«Siamo un popolo che ha vissuto contraddizioni ma anche depositario di grandi potenzialità dobbiamo festeggiarci senza incensarci. Sa Die non è un giorno di parole roboanti a compensazione degli altri 364 giorni dell’anno, non è il fine ma è un impegno. Per migliorarci, per agire in modo differente. L’autodeterminazione, lo abbiamo detto, cammina sulle spalle di un popolo istruito. Un popolo consapevole di sé».

Lo ha detto la governatrice Alessandra Todde, nel corso delle celebrazioni in consiglio regionale per Sa Die de Sa Sardigna, che si sono concluse con le note della banda della Brigata Sassari che ha suonato i brani del suo repertorio.

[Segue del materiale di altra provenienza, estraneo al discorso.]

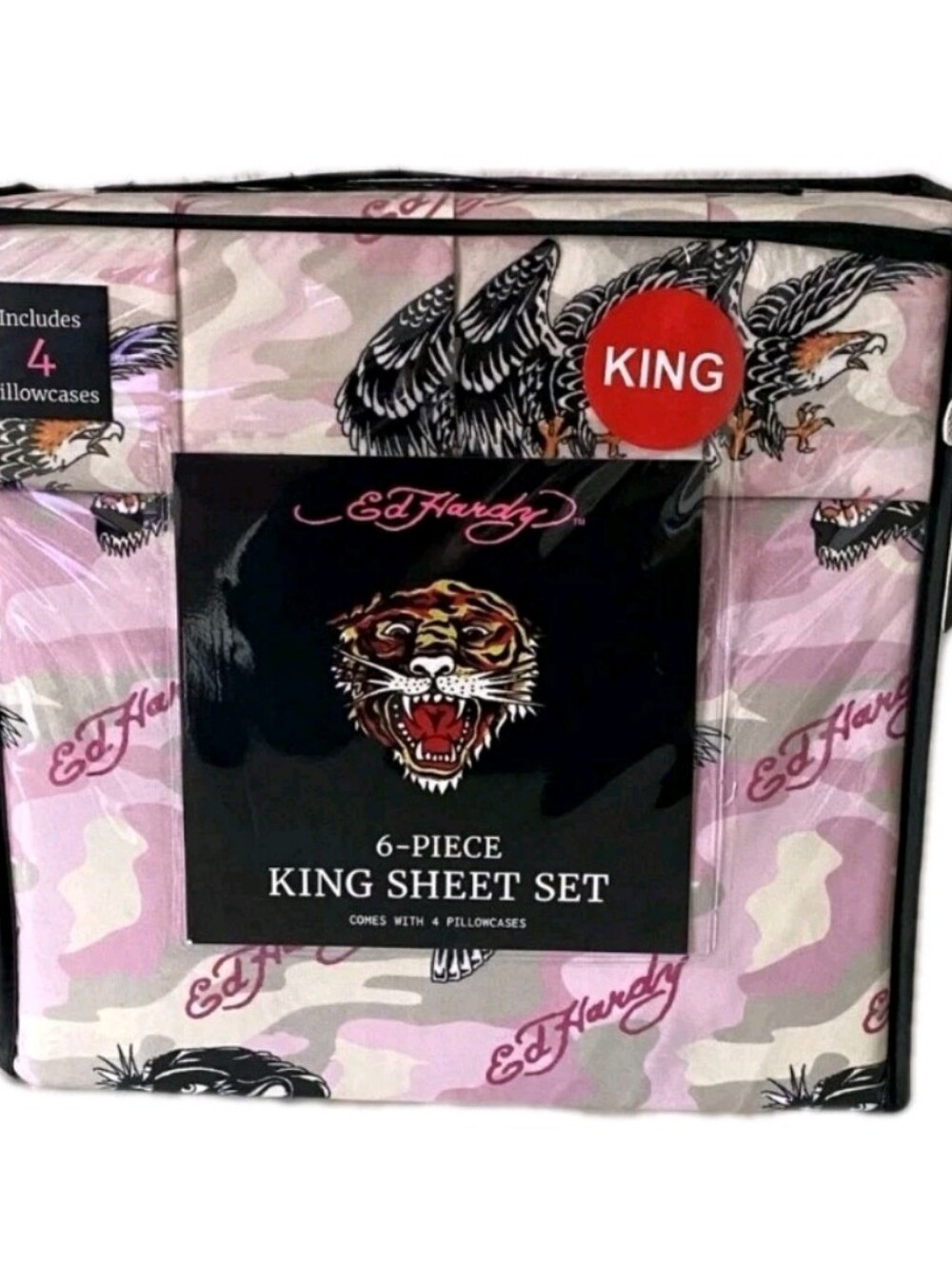 NWT Ed Hardy KING Size Sheet Set Pink Grey Camo Eagle Tiger Logo 6 Piece Set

«Sa Die – ha detto Todde - è l’occasione per assumere l’impegno a svolgere questo compito con slancio rinnovato, costante, convinto, chiamando alla partecipazione ogni donna e uomo di Sardegna».

Secondo la presidente, «Sa Die fu più di una ribellione estemporanea. Per questo il suo culmine non è la cacciata temporanea della classe dirigente sabauda. Sa Die ci parla di tempi costituenti. Tempi in cui un parlamento riprende vita, la virtù patriottica accende gli animi, le nostre comunità sperimentano patti federativi per liberarsi dal giogo feudale, una parte importante della classe dirigente sarda pone la felicità e la dignità della Nazione sarda come suo obbiettivo».

E dunque, «l’occasione odierna è piuttosto quella di guardarci nello specchio della storia e capire insieme se, proprio grazie a questa storia, possiamo fare di più e meglio per la nostra gente e la nostra terra. Se possiamo trovare in essa alimento per delle sfide enormi, come quelle di chi deve affrontare le molteplici crisi che sembrano condannare la Sardegna a un destino di spopolamento e spoliazione».

In altre parole, «mentre celebriamo, abbiamo l’occasione di domandarci se sia meglio proseguire con una storia di rivendicazione, in cui noi sardi chiediamo ad altri di farsi carico dei nostri problemi e delle loro soluzioni, o se non sia il caso di entrare in una fase di reale autodeterminazione, in cui plasmare una nuova politica sarda, in cui costruire con tutta la passione e l’intelligenza possibile delle istituzioni al pieno servizio dei sardi e della Sardegna».

«Il primo modo per cambiare la propria storia – ha proseguito la governatrice – è raccontarla in modo diverso. È raccontarci in modo diverso. Anche a costo di mettere in discussione quegli stereotipi e quell’orgoglioso senso di identità che dietro un velo di confortante abitudinarietà nasconde la difficoltà a darsi valori alti e obbiettivi chiari. Da troppo tempo siamo intrappolati in un racconto che è “contro”. Un racconto in cui altri hanno il potere di decidere della nostra vita e a noi non rimane che ribellarci per rivendicare un trattamento meno opprimente».

Ma questa, conclude, «non è la nostra storia. Non è l’unica che il nostro passato ci ha lasciato in eredità. Non è la migliore che possiamo raccontare a noi stessi e, soprattutto, ai nostri figli e alle nostre figlie. C’è una storia di autodeterminazione tutta da scrivere, tutta da fare».